Exercise data:
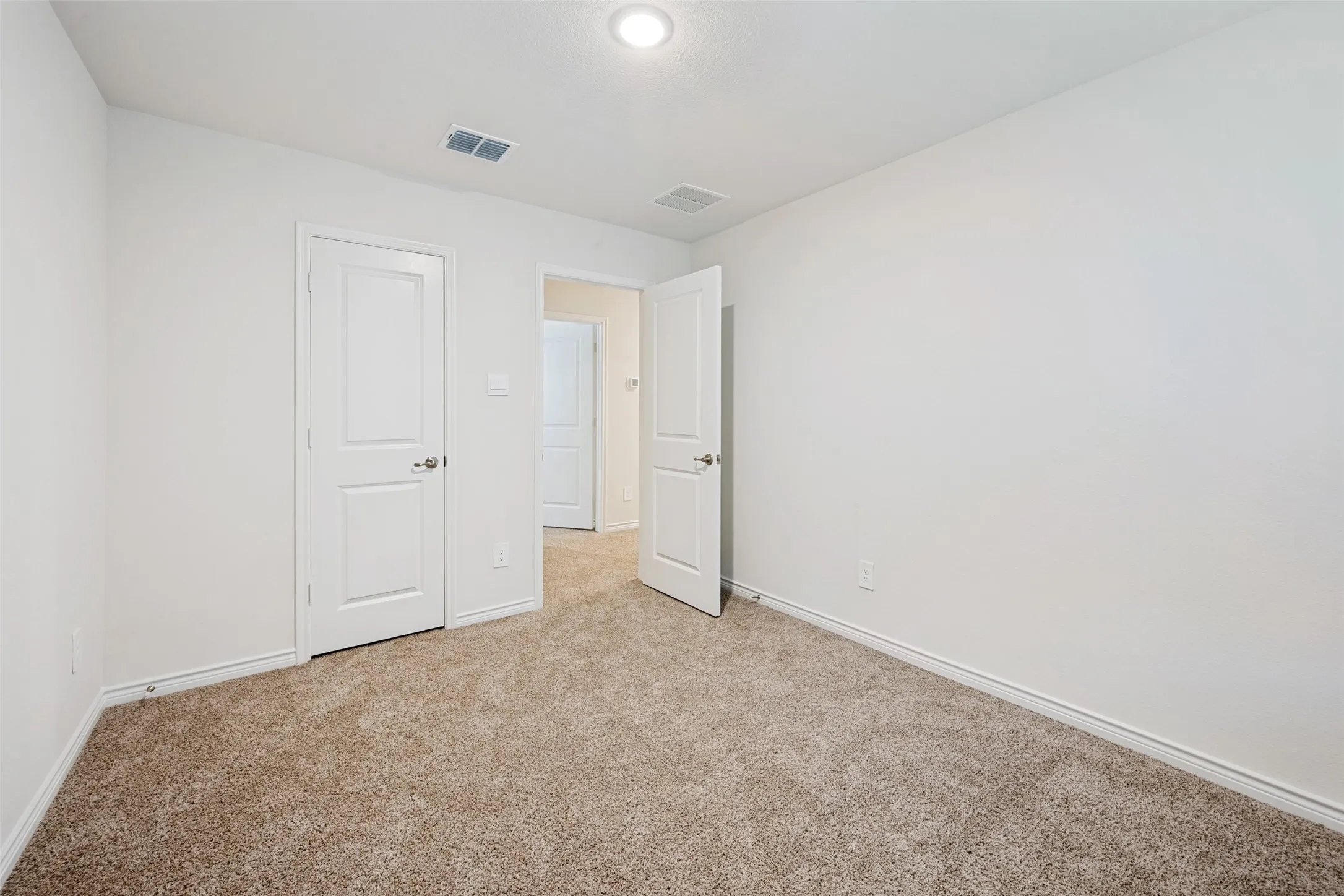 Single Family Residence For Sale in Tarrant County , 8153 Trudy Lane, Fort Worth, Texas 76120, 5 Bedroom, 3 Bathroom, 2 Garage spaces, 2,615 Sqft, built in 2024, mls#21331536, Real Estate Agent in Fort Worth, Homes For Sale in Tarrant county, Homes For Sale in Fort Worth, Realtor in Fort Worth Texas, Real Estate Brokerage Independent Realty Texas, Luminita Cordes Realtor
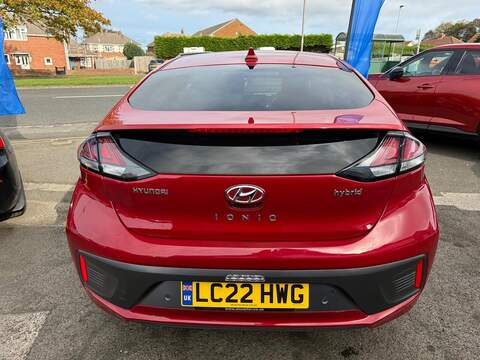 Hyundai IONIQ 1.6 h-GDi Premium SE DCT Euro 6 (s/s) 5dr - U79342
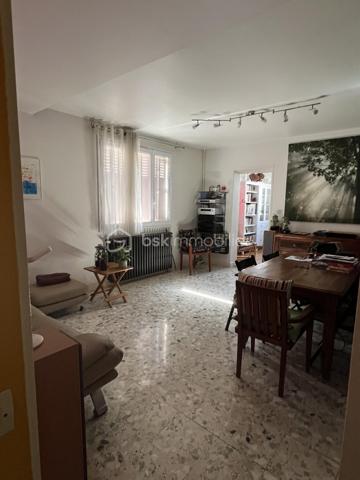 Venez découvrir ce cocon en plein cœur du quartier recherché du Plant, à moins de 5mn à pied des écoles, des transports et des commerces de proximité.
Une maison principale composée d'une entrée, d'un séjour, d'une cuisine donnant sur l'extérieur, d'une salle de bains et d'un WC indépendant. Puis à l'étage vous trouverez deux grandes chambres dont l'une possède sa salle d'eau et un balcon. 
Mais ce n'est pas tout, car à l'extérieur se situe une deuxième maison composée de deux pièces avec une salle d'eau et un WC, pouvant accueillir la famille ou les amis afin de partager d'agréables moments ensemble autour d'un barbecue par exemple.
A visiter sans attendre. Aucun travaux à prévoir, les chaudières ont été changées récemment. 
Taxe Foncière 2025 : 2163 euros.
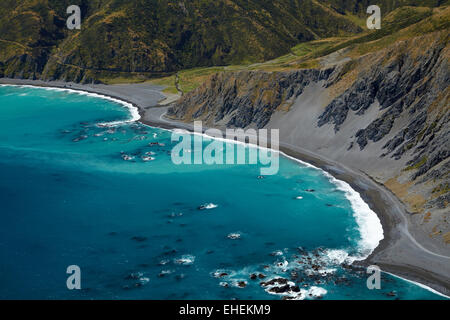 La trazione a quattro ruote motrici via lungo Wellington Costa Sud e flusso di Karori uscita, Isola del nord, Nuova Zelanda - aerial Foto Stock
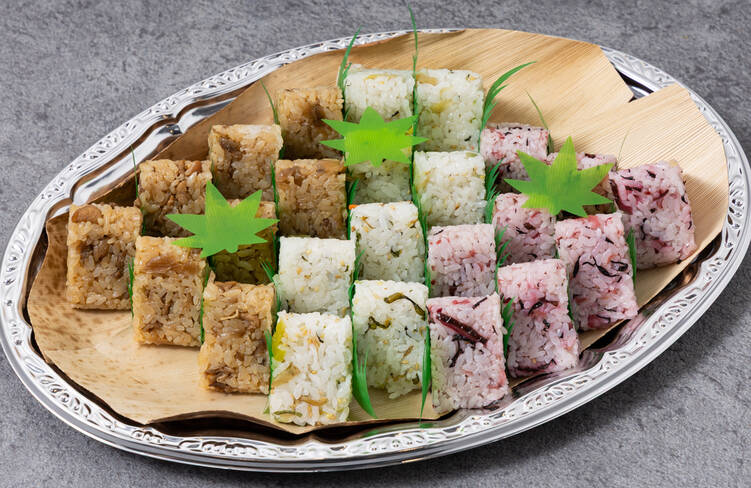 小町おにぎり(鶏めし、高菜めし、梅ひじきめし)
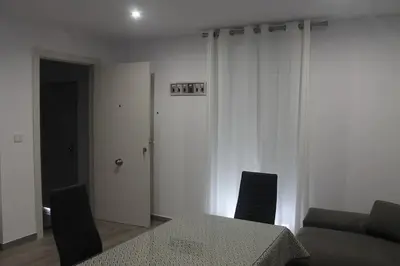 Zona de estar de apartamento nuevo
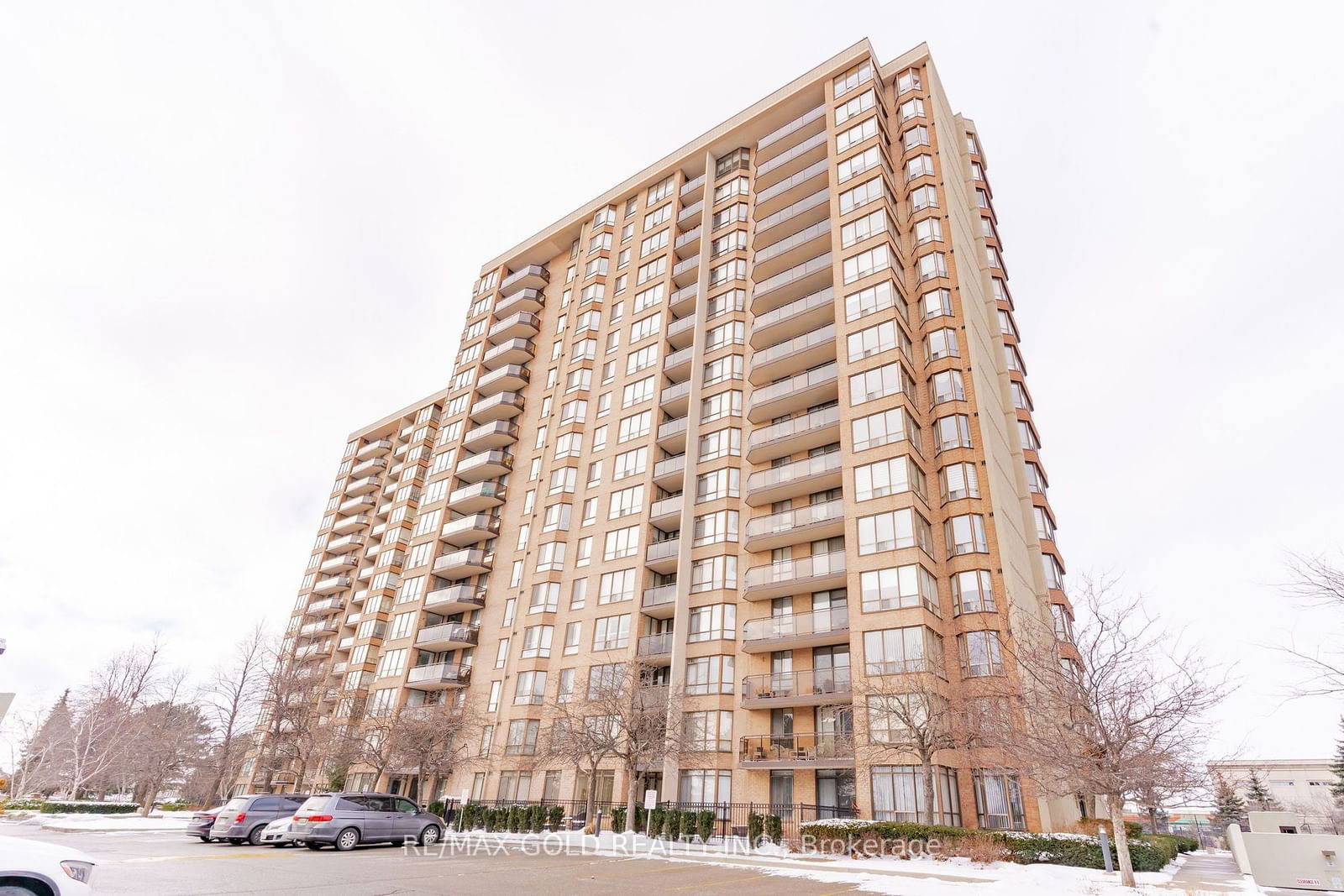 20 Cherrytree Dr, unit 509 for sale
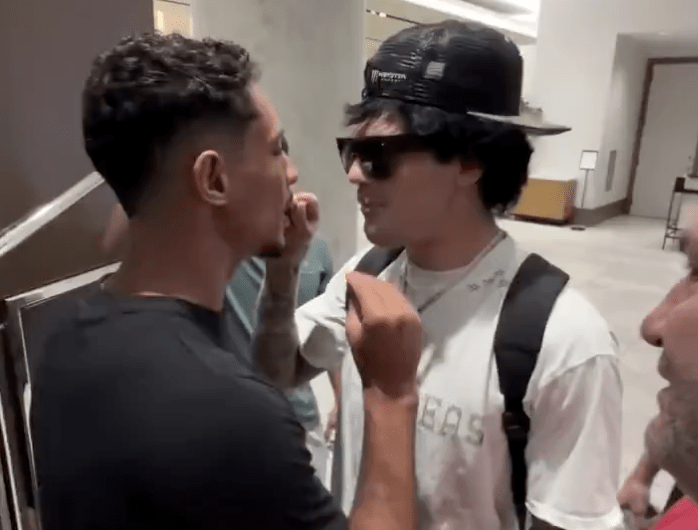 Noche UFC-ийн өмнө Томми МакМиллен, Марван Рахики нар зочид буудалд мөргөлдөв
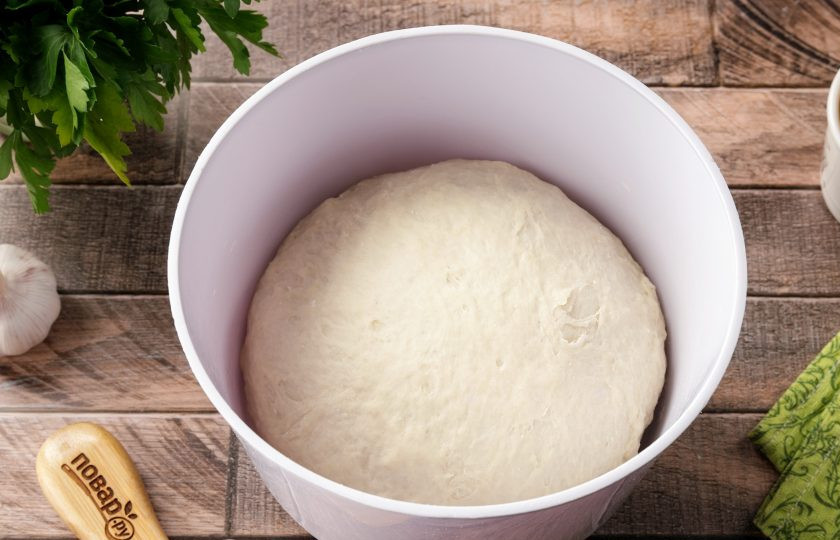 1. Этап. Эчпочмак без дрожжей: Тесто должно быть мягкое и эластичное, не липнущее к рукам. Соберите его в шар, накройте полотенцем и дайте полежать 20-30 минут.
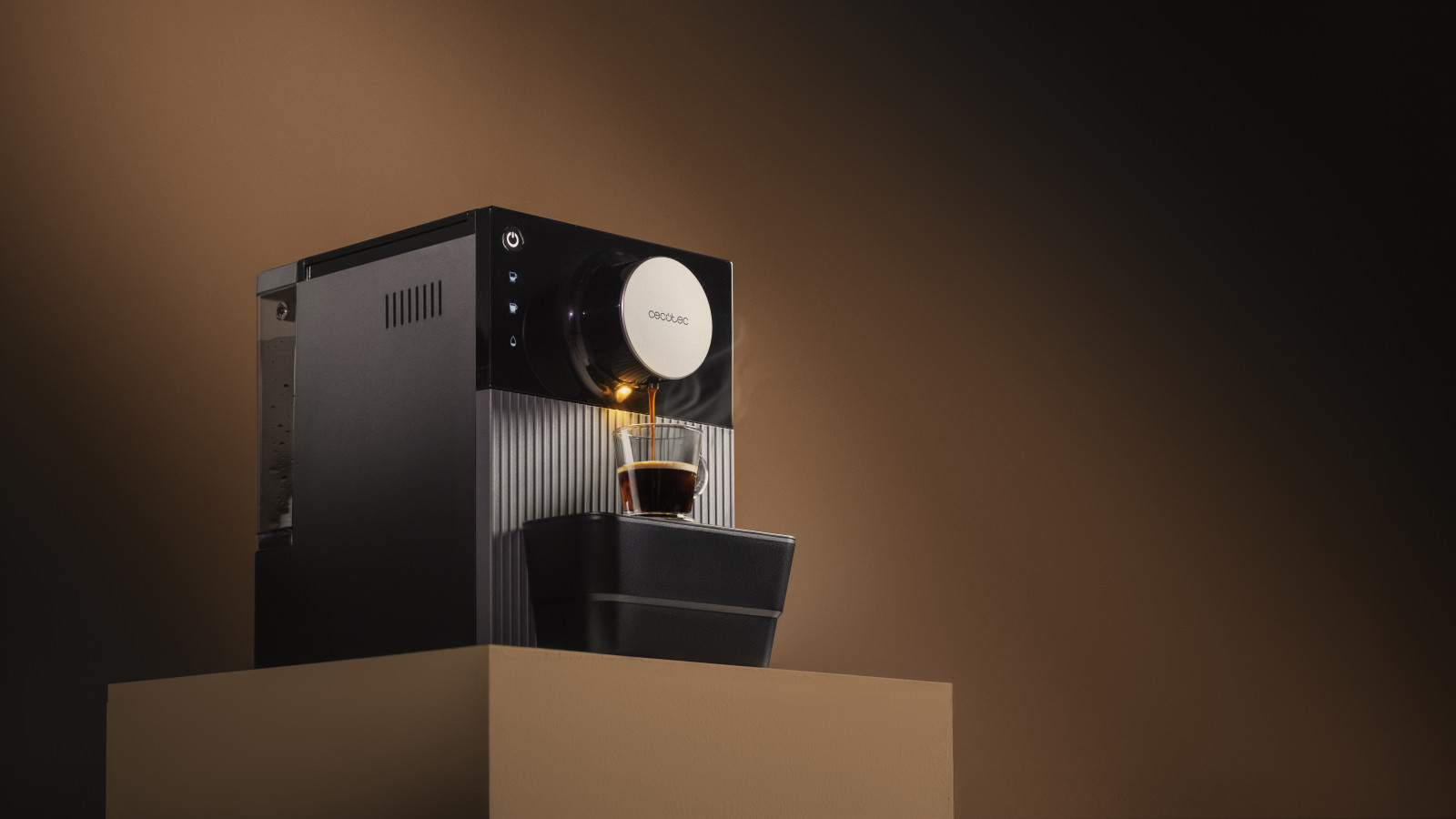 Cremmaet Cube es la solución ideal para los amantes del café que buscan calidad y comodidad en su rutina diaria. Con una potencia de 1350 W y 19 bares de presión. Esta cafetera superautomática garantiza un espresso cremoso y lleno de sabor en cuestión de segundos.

Task instructions: Emit an exact copy of the lines from the line bearing "Taxe Foncière 2025 : 2163 euros." through the last line above, inclusive, and leave the images out.

Task result:
Taxe Foncière 2025 : 2163 euros.
 La trazione a quattro ruote motrici via lungo Wellington Costa Sud e flusso di Karori uscita, Isola del nord, Nuova Zelanda - aerial Foto Stock
 小町おにぎり(鶏めし、高菜めし、梅ひじきめし)
 Zona de estar de apartamento nuevo
 20 Cherrytree Dr, unit 509 for sale
 Noche UFC-ийн өмнө Томми МакМиллен, Марван Рахики нар зочид буудалд мөргөлдөв
 1. Этап. Эчпочмак без дрожжей: Тесто должно быть мягкое и эластичное, не липнущее к рукам. Соберите его в шар, накройте полотенцем и дайте полежать 20-30 минут.
 Cremmaet Cube es la solución ideal para los amantes del café que buscan calidad y comodidad en su rutina diaria. Con una potencia de 1350 W y 19 bares de presión. Esta cafetera superautomática garantiza un espresso cremoso y lleno de sabor en cuestión de segundos.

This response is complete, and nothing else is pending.